## INSTRUCTIONS FOR THE TASK
Nothing but the lines from the first line of the material below through the line that holds "1964 Clinton Rd #64E - Photo 7 of 9" should be set down, exactly and with pictures left out.

## RECORDS SHOWN
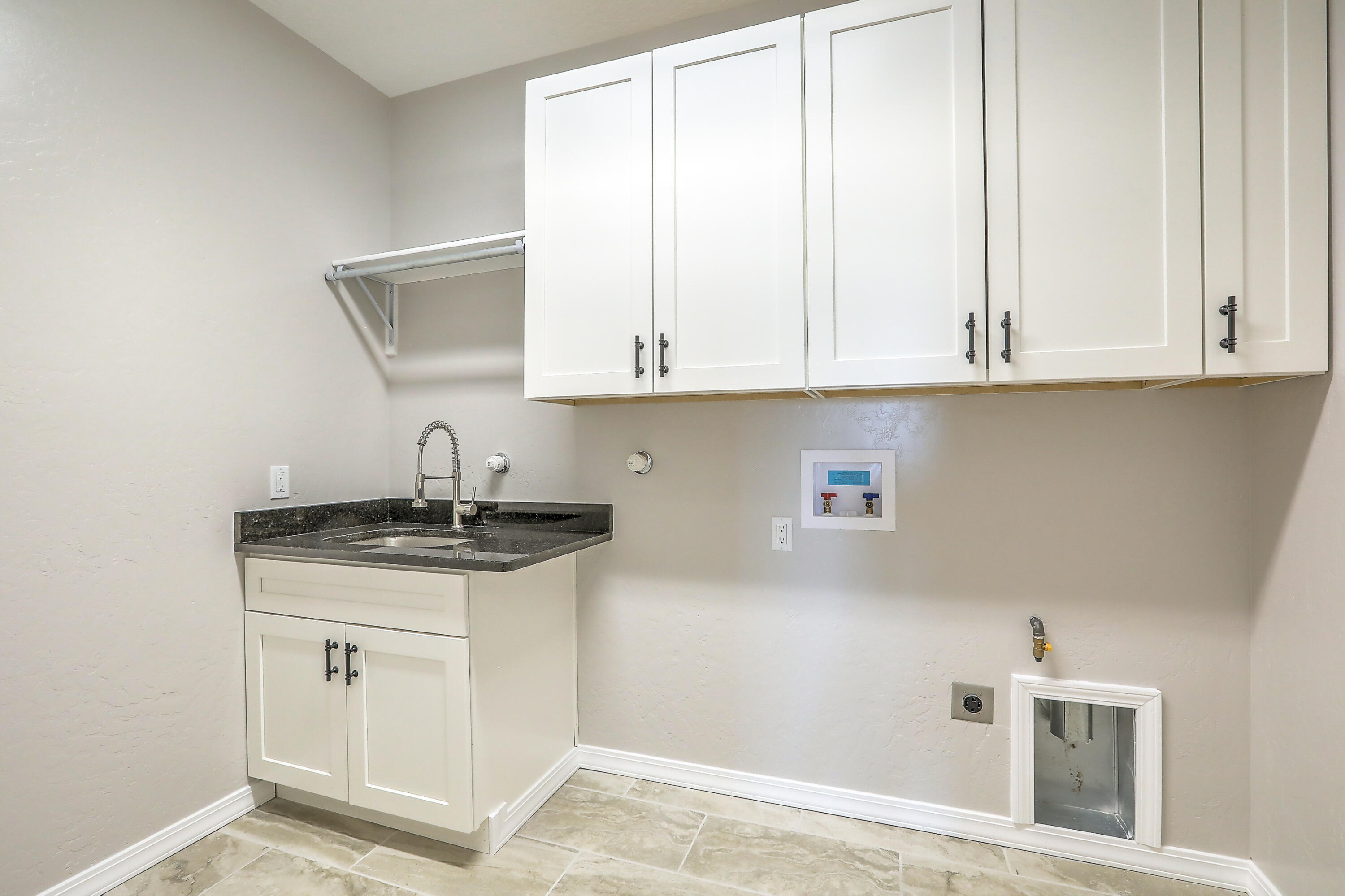 13 BRAYDEN Court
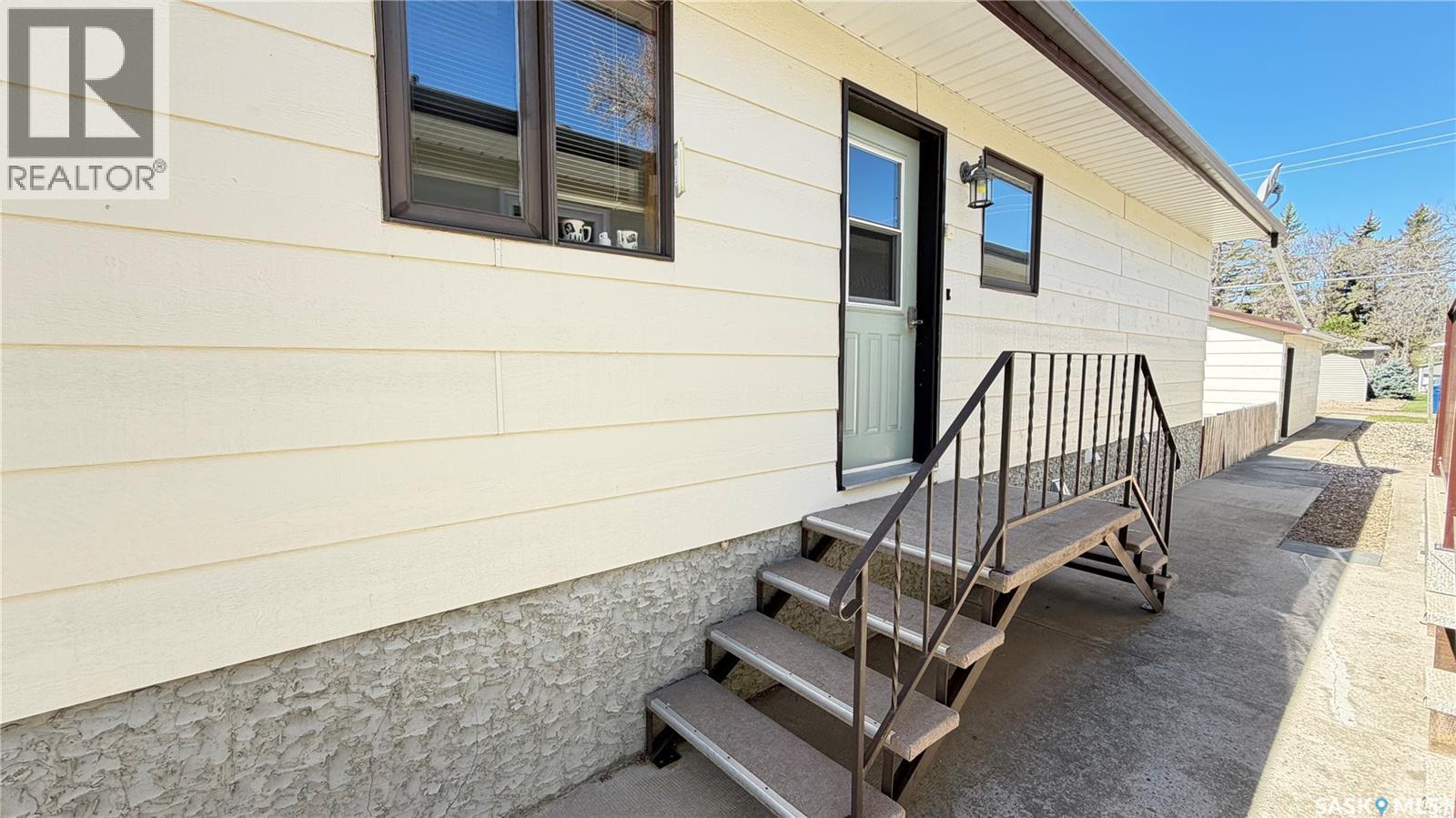 213 Maple Street, Maple Creek, Saskatchewan  S0N 1N0 - Photo 3 - SK035735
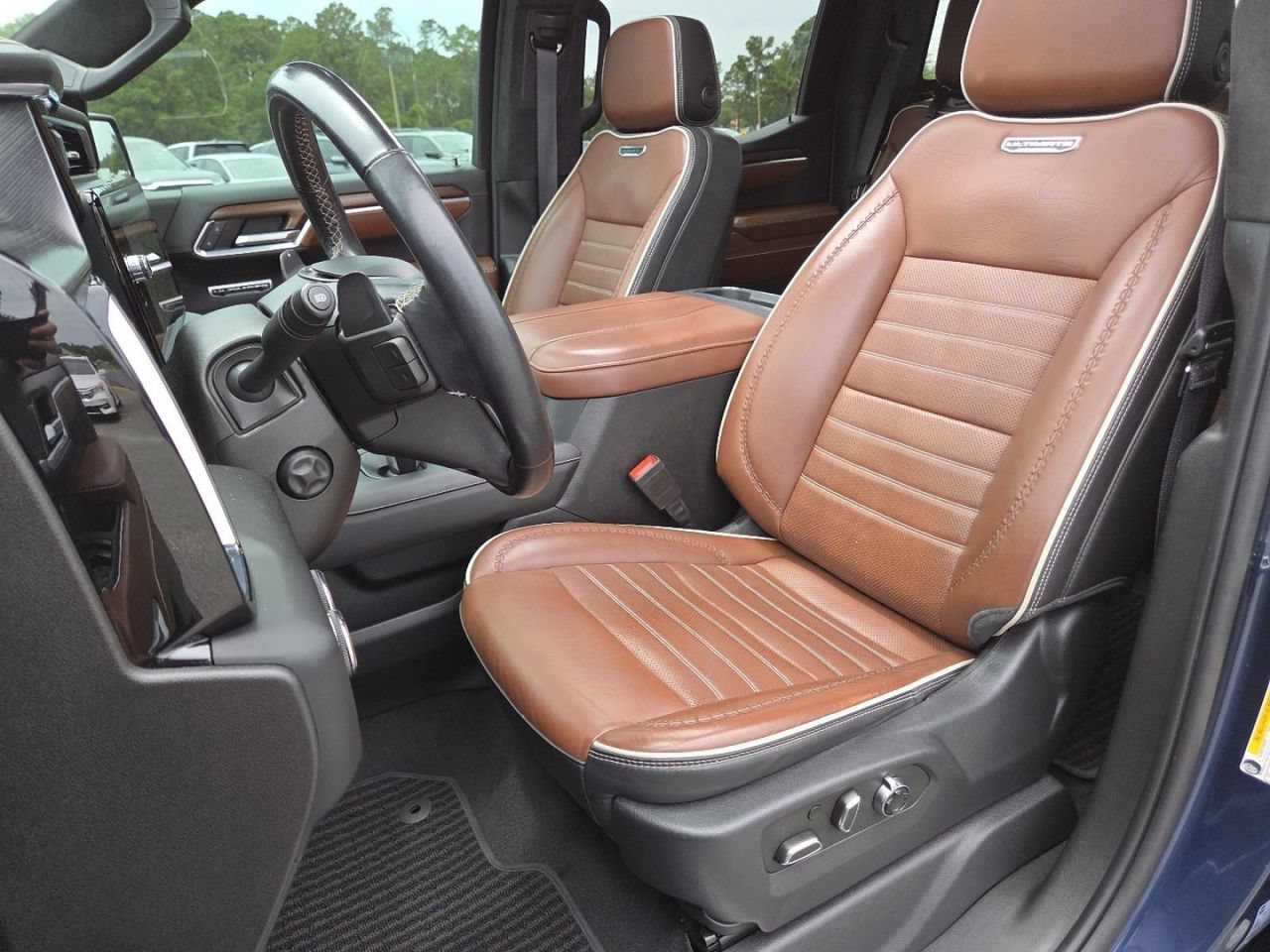 Used 2023 Pacific Blue Metallic GMC Denali Ultimate image 32
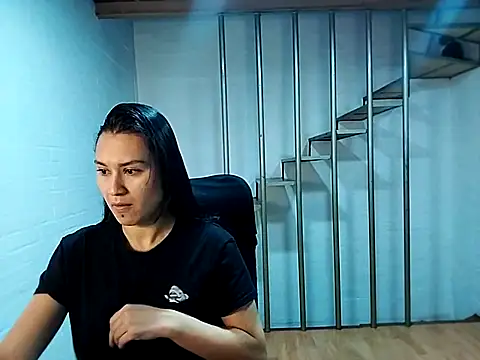 Jessie Desire online show from 21, 2, 2025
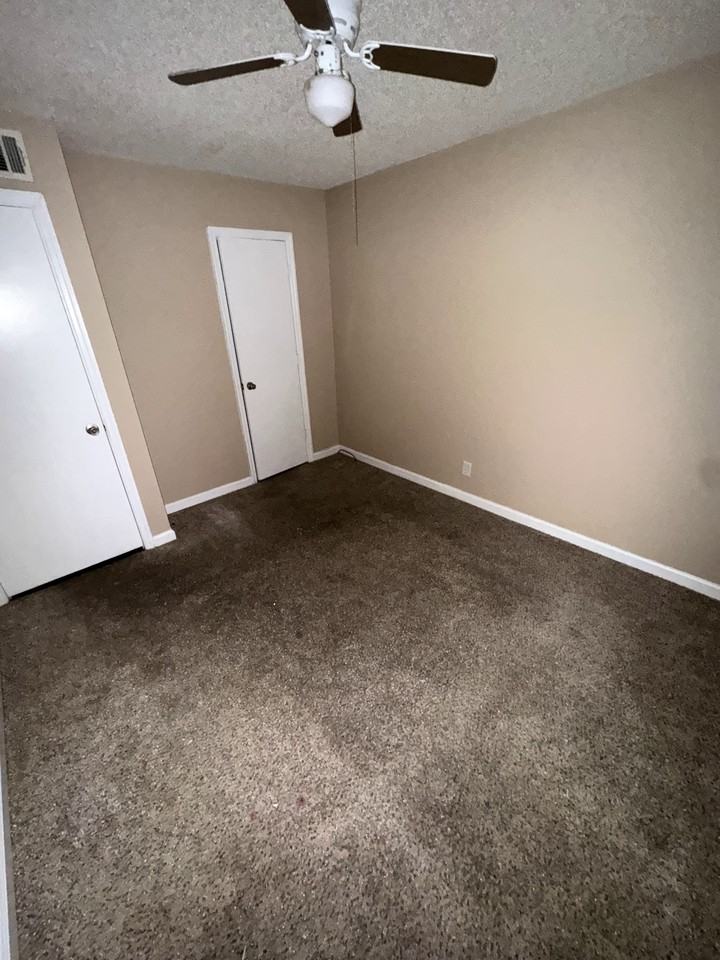 1964 Clinton Rd #64E - Photo 7 of 9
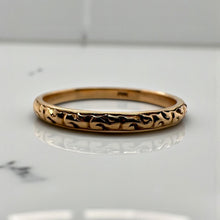 Vintage Yellow Gold Engraved Wedding Band Size 9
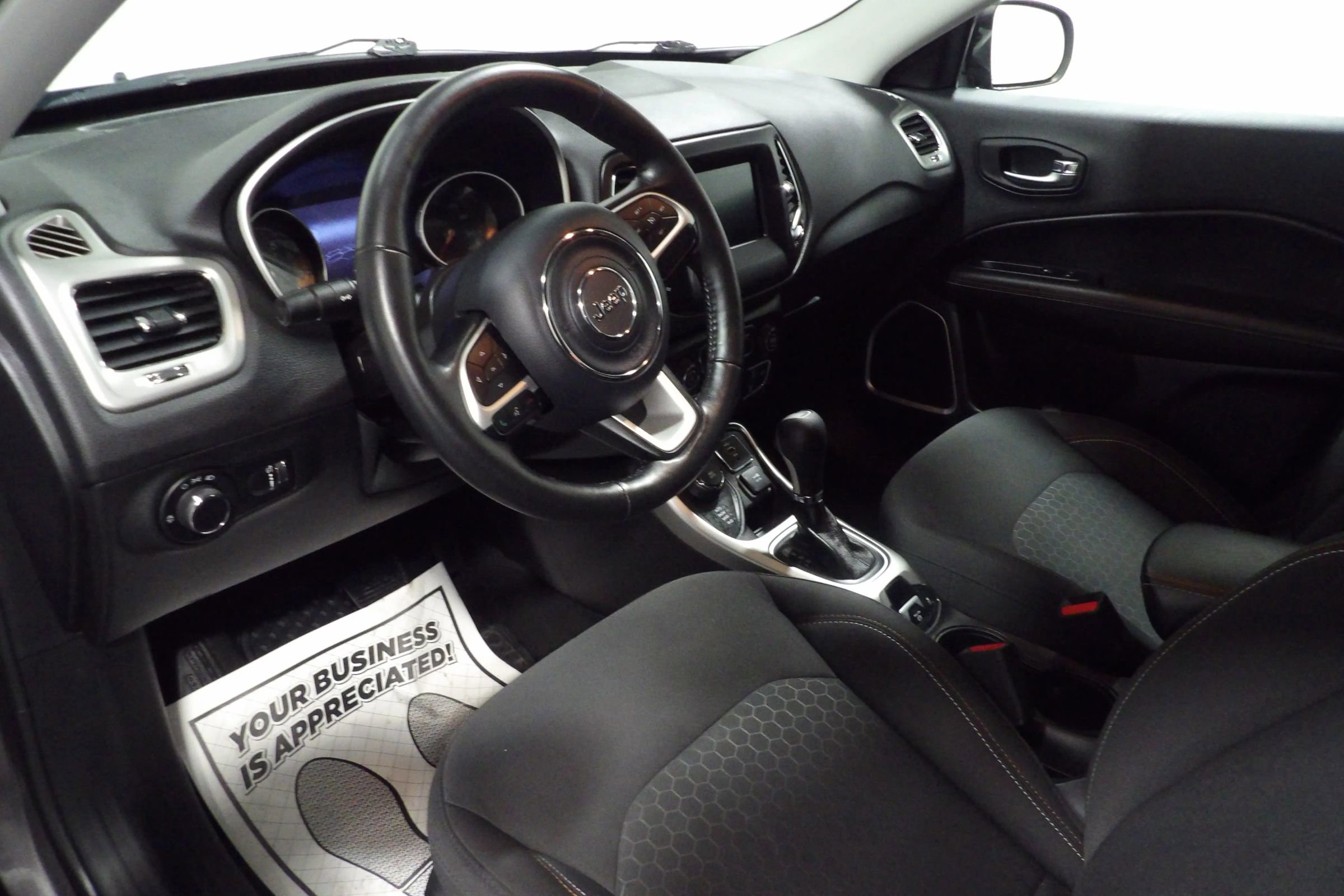 Used 2019 Jeep Compass Sport w/ Cold Weather Group image 9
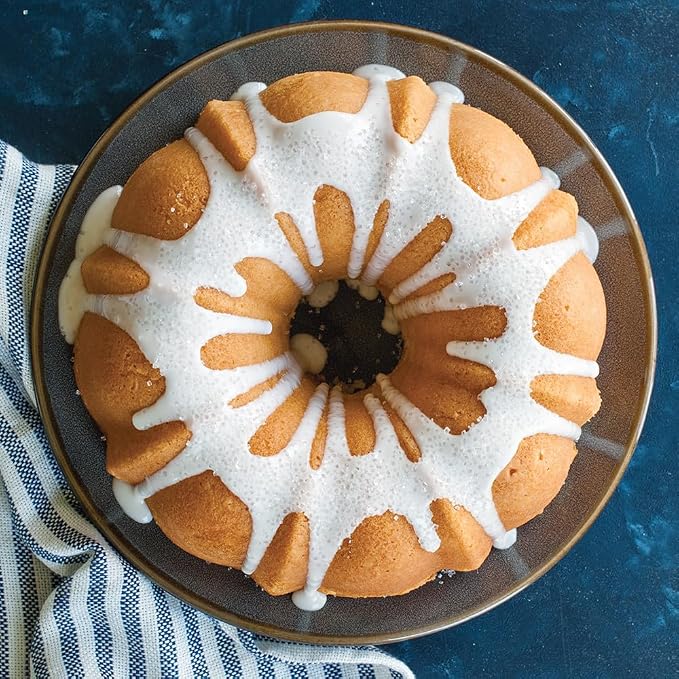 Nordic Ware Formed Treat Bundt Pan, 12-Cup, Silver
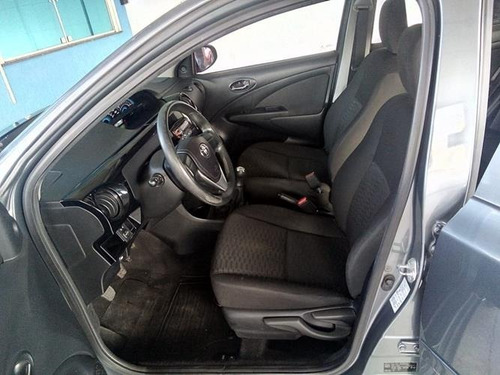 Imagem 10 de 14 de Etios 1.3 X
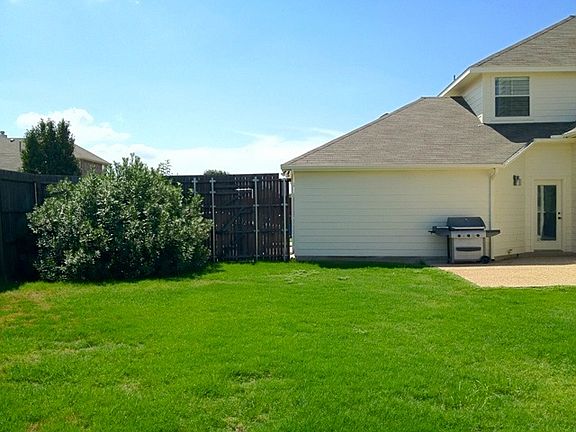 3rd image of 3824 Monterrey Cir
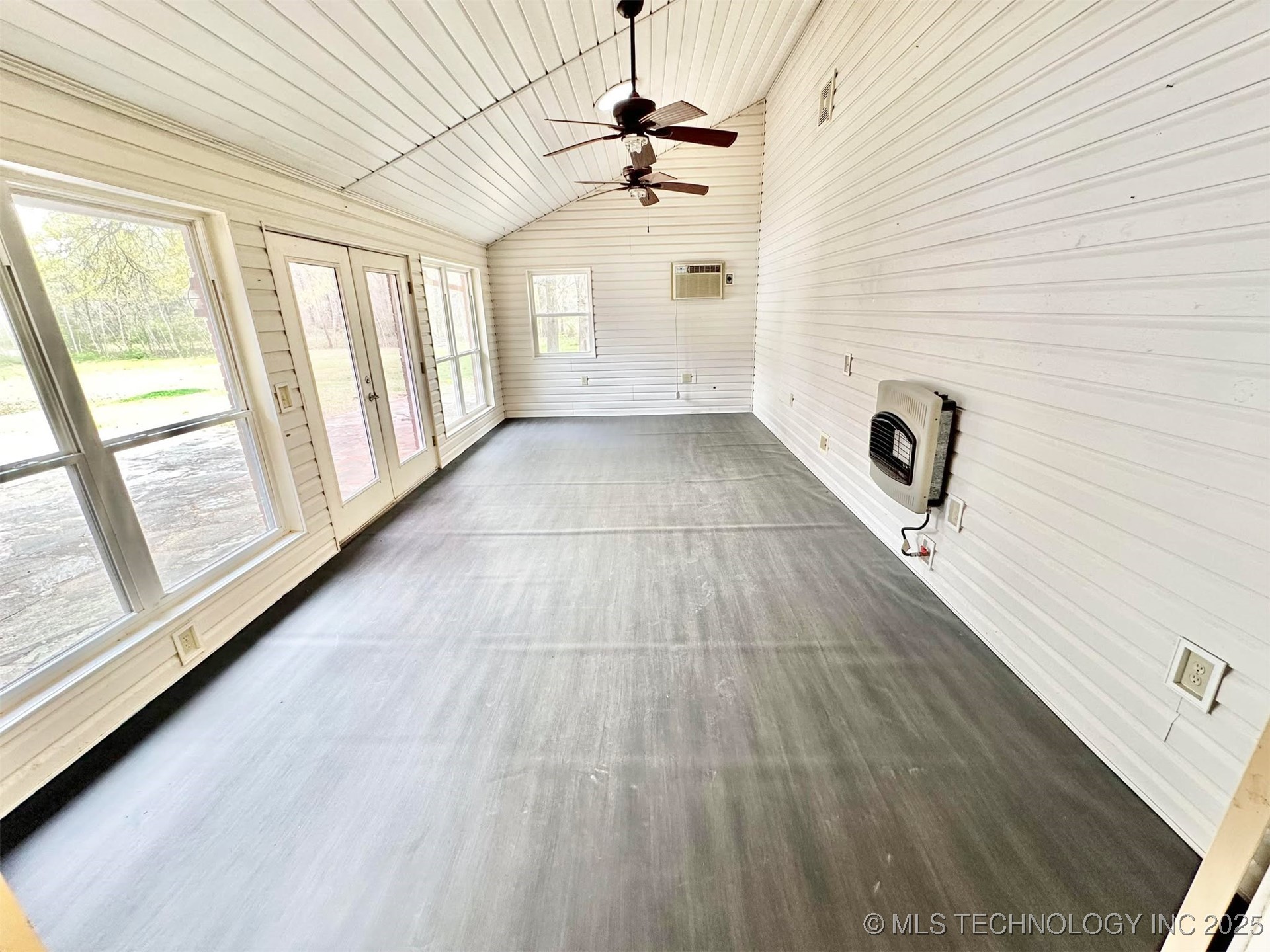 1401 Country Ridge Drive Property Photo 25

## WRITTEN REPLY
 13 BRAYDEN Court
 213 Maple Street, Maple Creek, Saskatchewan  S0N 1N0 - Photo 3 - SK035735
 Used 2023 Pacific Blue Metallic GMC Denali Ultimate image 32
 Jessie Desire online show from 21, 2, 2025
 1964 Clinton Rd #64E - Photo 7 of 9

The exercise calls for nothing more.